In the script calls-function, the printCount function simply displays the current value of COUNT. An until loop iincrements and monitors the value until it reaches a thousand by determining whether COUNT is greater than 999. At that point, the program terminates with a short message that it finished counting. Timing the script's execution yields the following results. (Note that the actual output has been trimmed to the results of time in the interest of saving space.)
$ time calls-function
calls-function: Done counting to 1000
4.86user 6.57system 0:11.68elapsed
Now consider the second method of counting to 1000. Here, the script sources-function imports the same function, printCount, from the file function; it sources the code used to print the value of COUNT.
$ cat sources-function
#!/bin/sh
COUNT=1
. function
until [ ${COUNT} -gt 999 ];
do
printCount
COUNT=`expr ${COUNT} + 1`
done
echo "`basename ${0}`: Done counting to 1000"
$ cat function
printCount () {
echo ${COUNT}
}
Once again, an until loop watches and terminates once COUNT reaches 1000. Comparing the execution time to calls-function, it can be seen that there is a slight performance penalty for sourcing. This can be explained by the fact that the file function, when it is sourced, has to be opened and its contents committed to memory before the function can be used. On the other hand, in calls-function the shell reads printFunction during its initial pass over the contents of the script. It does not incur the penalty of having to do the extra file read that sources-function does.
$ time sources-function
sources-function: Done counting to 1000
4.96user 6.61system 0:11.80elapsed
Finally, compare the first two methods to calls-subscript. This last script exports COUNT and then uses the program subscript to display COUNT's value:
$ cat calls-subscript
#!/bin/sh
COUNT=1
export COUNT
until [ ${COUNT} -gt 999 ];
do
subscript
COUNT=`expr ${COUNT} + 1`
done
echo "`basename ${0}`: Done counting to 1000"
$ cat subscript
#!/bin/sh
echo ${COUNT}
Running calls-subscript through the time program shows:
$ time calls-subscript
calls-subscript: Done counting to 1000
10.95user 13.37system 0:24.83elapsed
In this last example, there is a significant increase in the program's performance. It takes roughly twice as long to complete as the first two. This can be attributed to the fact that each time calls-subscript uses subscript, the shell must open the file, spawn a subshell, execute the echo statement, and then return control back to the main program.

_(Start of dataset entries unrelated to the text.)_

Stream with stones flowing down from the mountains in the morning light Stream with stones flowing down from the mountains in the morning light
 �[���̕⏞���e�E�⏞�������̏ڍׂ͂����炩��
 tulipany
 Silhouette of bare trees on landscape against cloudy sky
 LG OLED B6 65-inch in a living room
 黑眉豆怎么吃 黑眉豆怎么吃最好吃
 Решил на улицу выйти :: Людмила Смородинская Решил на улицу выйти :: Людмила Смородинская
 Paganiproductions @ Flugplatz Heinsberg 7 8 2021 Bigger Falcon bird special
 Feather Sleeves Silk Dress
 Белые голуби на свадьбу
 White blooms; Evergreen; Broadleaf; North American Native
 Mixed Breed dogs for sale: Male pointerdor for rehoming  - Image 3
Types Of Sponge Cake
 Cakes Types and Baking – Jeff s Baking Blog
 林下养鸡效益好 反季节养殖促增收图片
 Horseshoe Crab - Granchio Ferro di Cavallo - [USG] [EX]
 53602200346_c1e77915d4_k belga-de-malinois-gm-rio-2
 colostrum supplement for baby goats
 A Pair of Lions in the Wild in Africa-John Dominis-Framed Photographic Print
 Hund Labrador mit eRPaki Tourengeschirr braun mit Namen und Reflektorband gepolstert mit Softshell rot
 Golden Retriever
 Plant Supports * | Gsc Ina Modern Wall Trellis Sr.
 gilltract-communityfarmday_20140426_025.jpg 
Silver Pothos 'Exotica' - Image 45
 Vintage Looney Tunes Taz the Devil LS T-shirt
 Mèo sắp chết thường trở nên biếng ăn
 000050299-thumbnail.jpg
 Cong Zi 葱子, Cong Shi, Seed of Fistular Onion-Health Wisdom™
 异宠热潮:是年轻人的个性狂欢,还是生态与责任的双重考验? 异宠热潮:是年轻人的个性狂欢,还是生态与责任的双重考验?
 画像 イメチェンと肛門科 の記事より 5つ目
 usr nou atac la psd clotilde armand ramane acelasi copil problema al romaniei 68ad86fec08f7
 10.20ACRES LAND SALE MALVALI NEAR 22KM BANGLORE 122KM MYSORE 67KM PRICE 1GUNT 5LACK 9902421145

From this exercise it is plain to see that including function code directly
into scripts is the most optimal. It is definitely a bad idea to
divide scripts into many subscripts because of the performace penalty.
Try to use functions whenever it seems like a subscript fits. Now
there is something to be said for sourcing commands from another file.
Sourcing does not hinder program execution much and it does allow the organization
of reusable code blocks into script libraries. Still, these same
code blocks could simply be copied directly into a script's body in the
name of speed. But that is a matter of choice. After all, the
enhancement of speed could come at the cost of readability.